(DATASET EXCERPT)

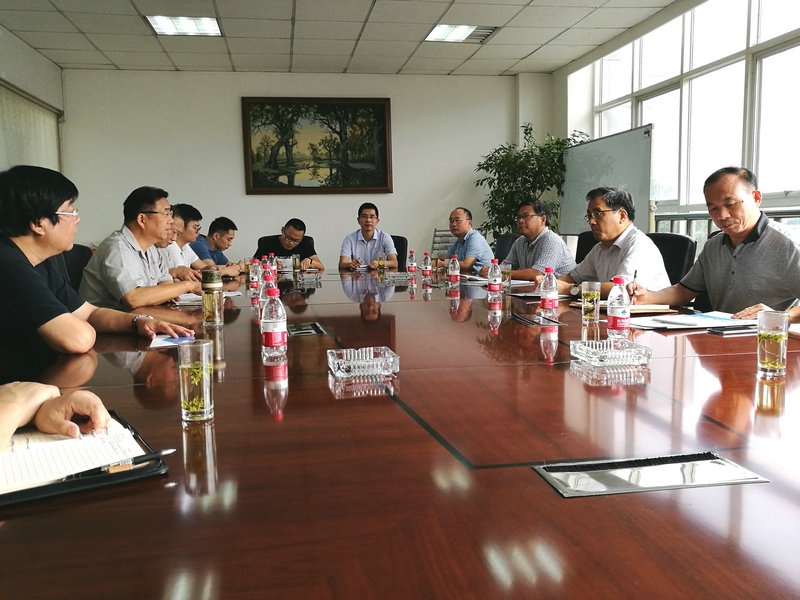 嘉兴市副市长盛全生莅临八达国际调研指导_集团动态_新闻中心_八达国际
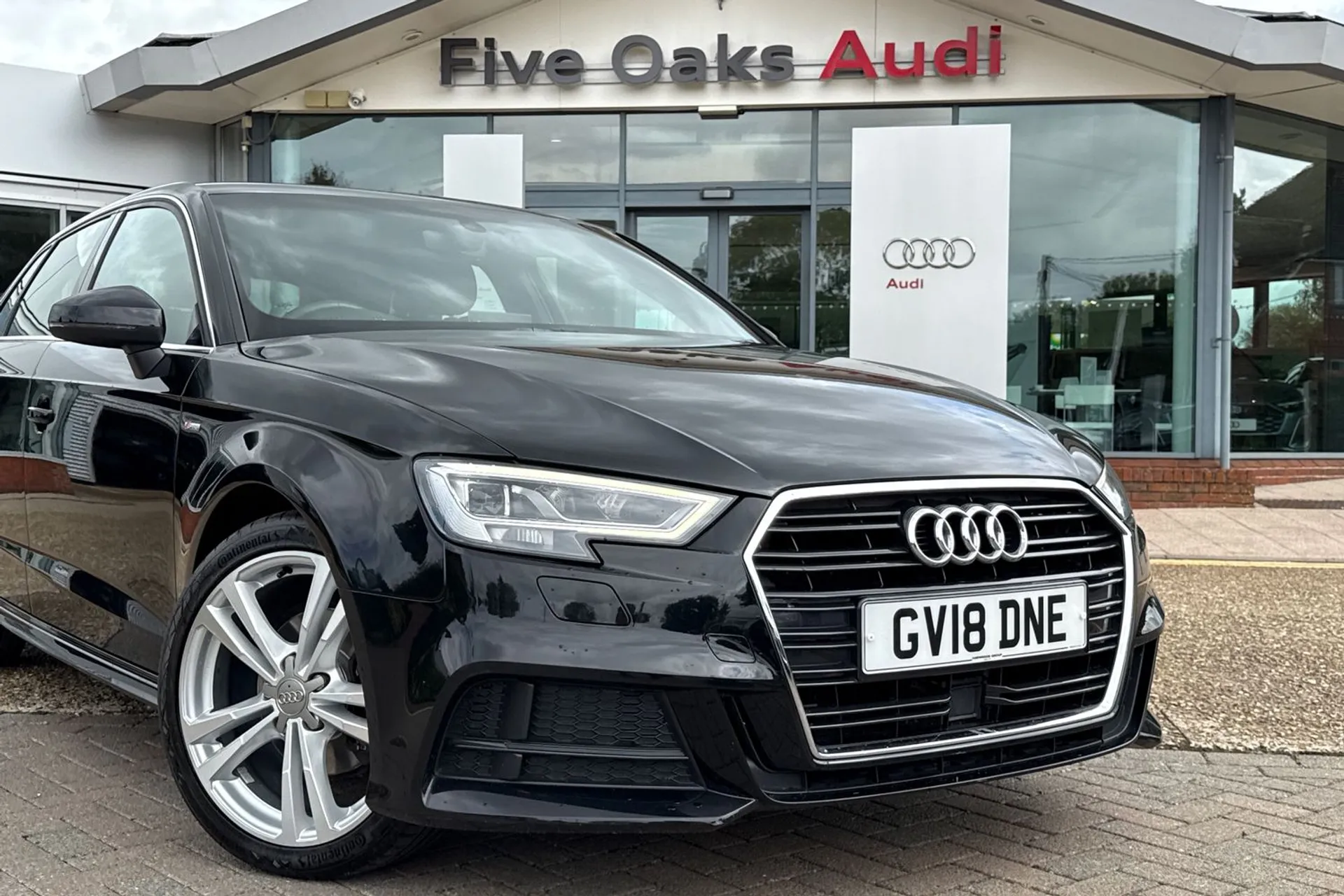 Audi A3 thumbnail image number 21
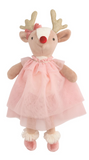 Mud Pie MP 12110398x Holiday Plush Pals - 4 Styles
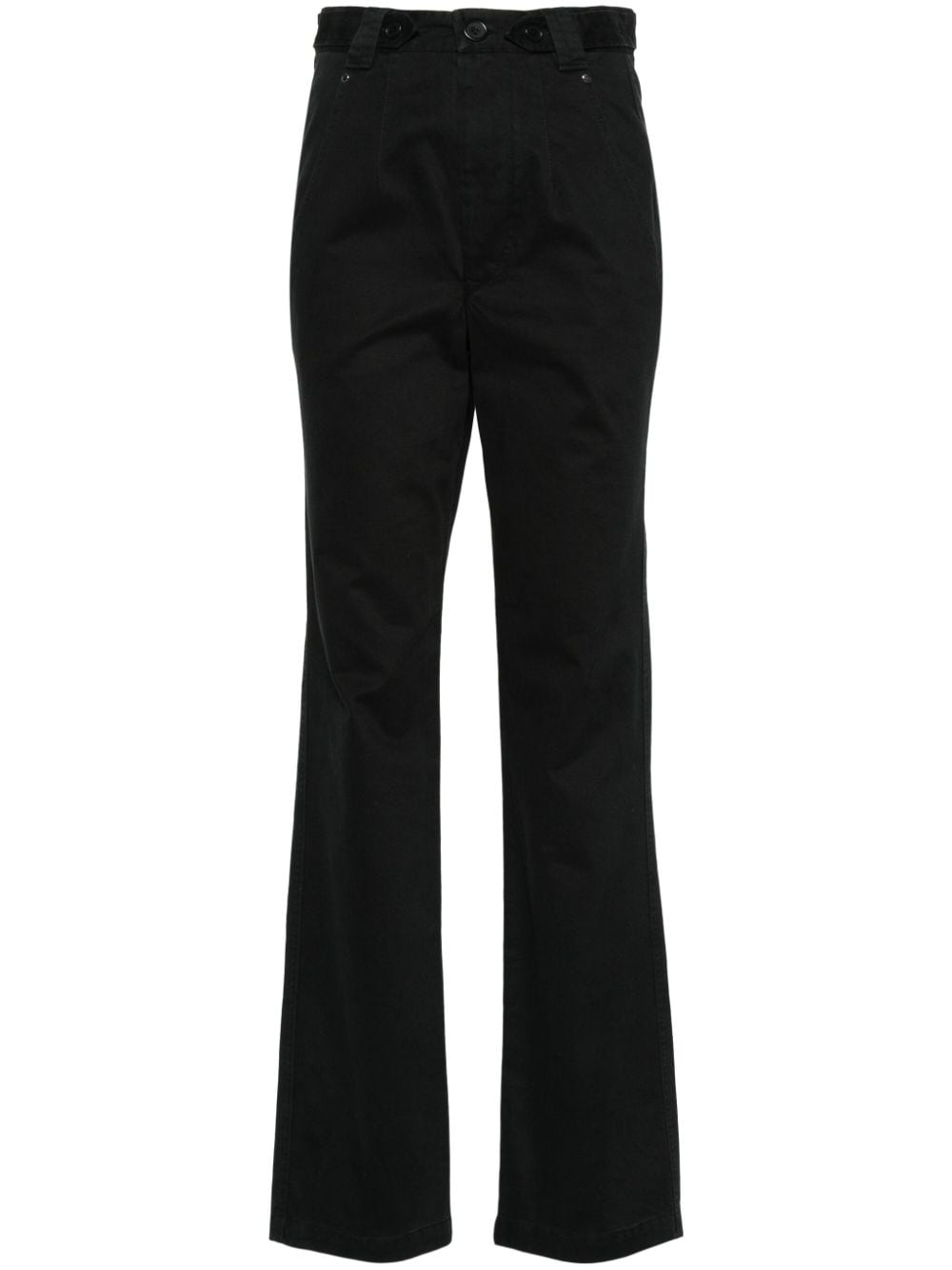 Linali straight-leg trousers - 1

(End DATASET EXCERPT)

DESCRIPTION OF THE TASK:
Excluding the images, copy all of the material above verbatim.

RESPONSE AREA:
 嘉兴市副市长盛全生莅临八达国际调研指导_集团动态_新闻中心_八达国际
 Audi A3 thumbnail image number 21
 Mud Pie MP 12110398x Holiday Plush Pals - 4 Styles
 Linali straight-leg trousers - 1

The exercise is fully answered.